**Problem details:** Restate word for word each line from the one containing "KIA 해묵은 1루수" through the end of the material, and nothing more. Drop every picture.

**Supplied information:**
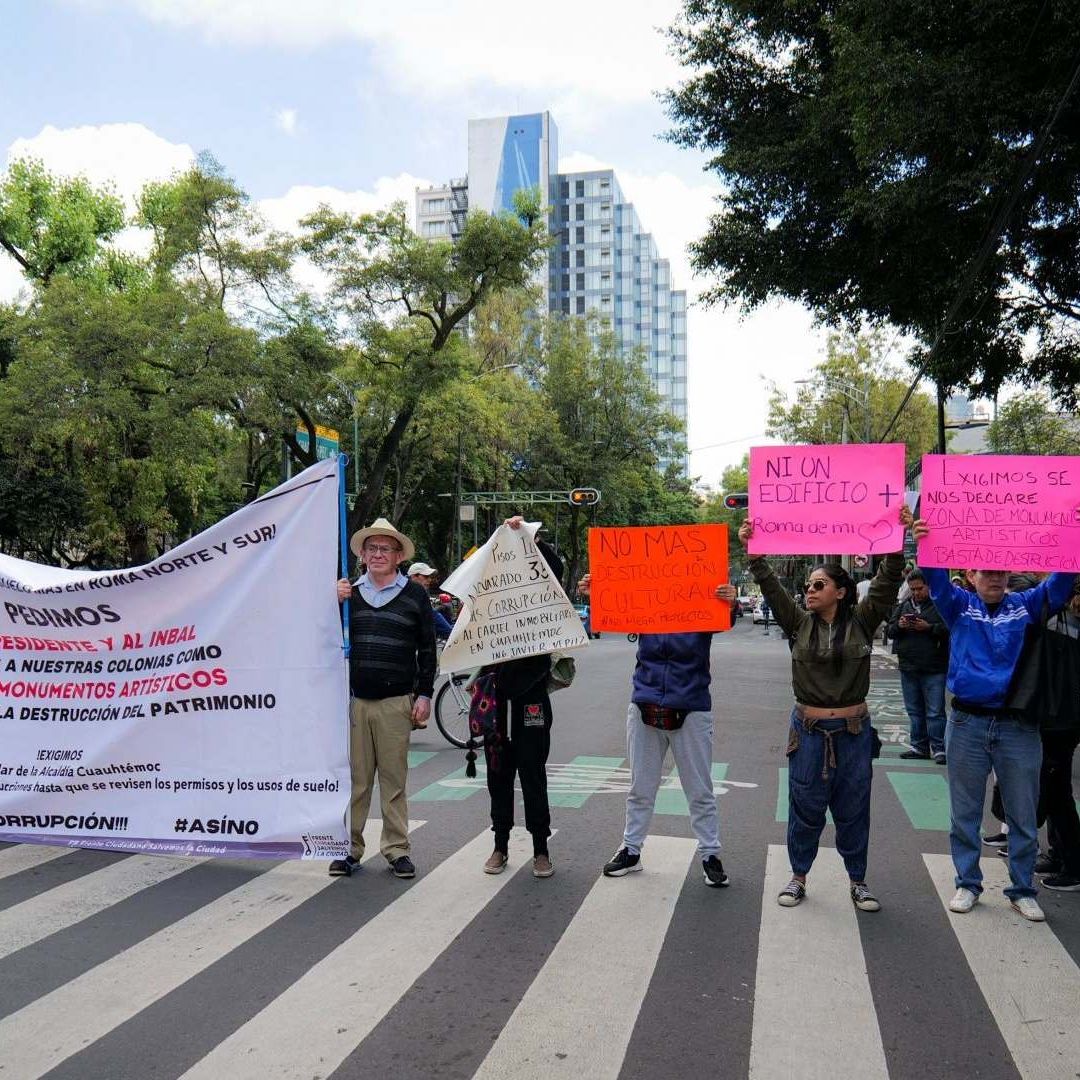 Marchas Hoy 23 de Agosto de 2024 en CDMX: Bloqueos y Concentraciones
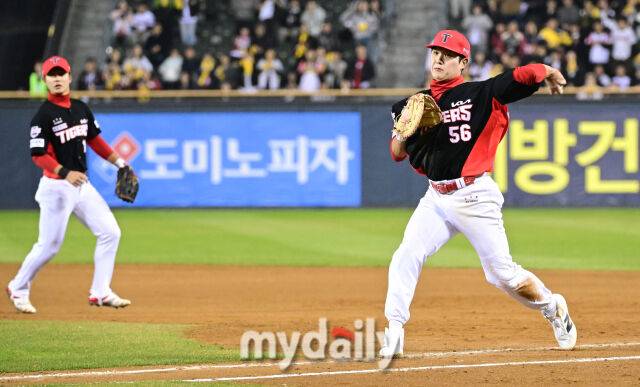 KIA 해묵은 1루수 고민이 다시 시작됐다…박상준 반짝, 이호연 아직, 윤도현 개점휴업, 오선우 지지부진
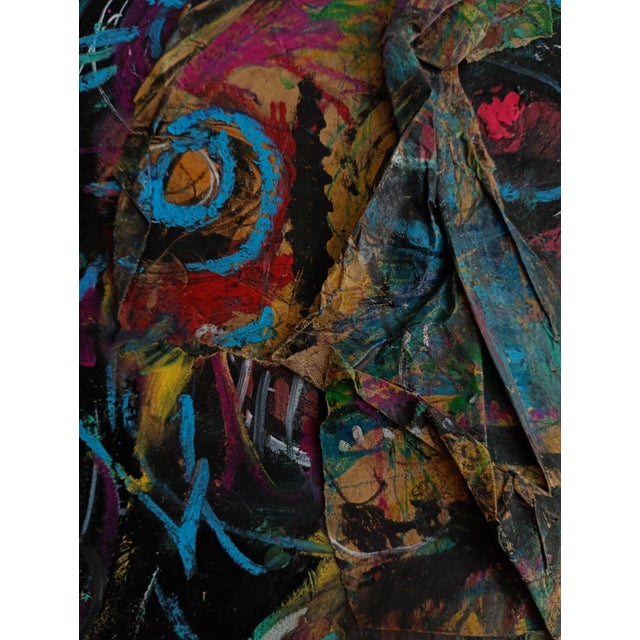 Lazastellar presents his art from a unique perspective as a neuro-divergent creative. These pieces are of the moment,...
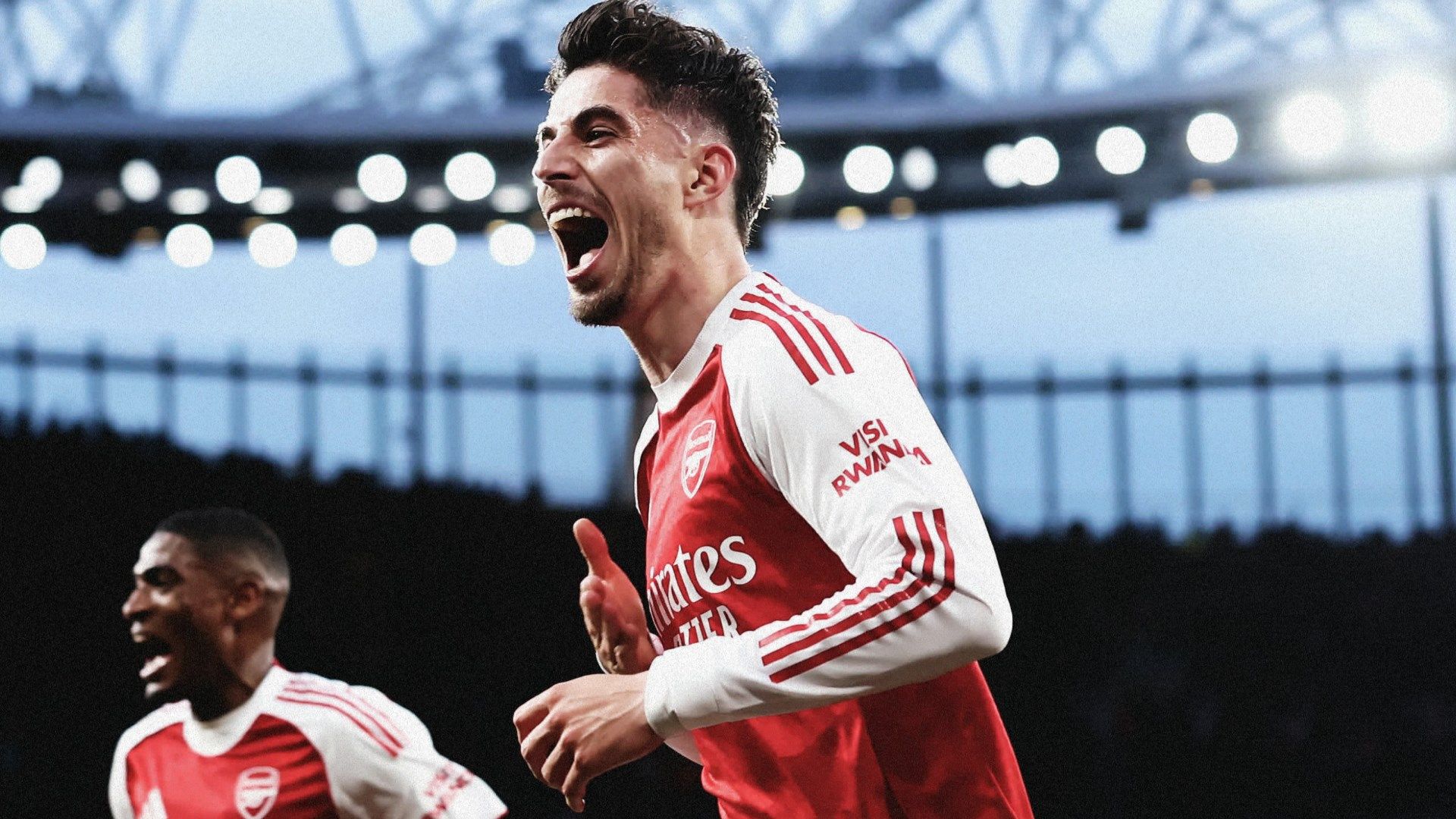 KAi hAvErTz brille et Arsenal frôle le titre en Premier League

**Written answer:**
 KIA 해묵은 1루수 고민이 다시 시작됐다…박상준 반짝, 이호연 아직, 윤도현 개점휴업, 오선우 지지부진
 Lazastellar presents his art from a unique perspective as a neuro-divergent creative. These pieces are of the moment,...
 KAi hAvErTz brille et Arsenal frôle le titre en Premier League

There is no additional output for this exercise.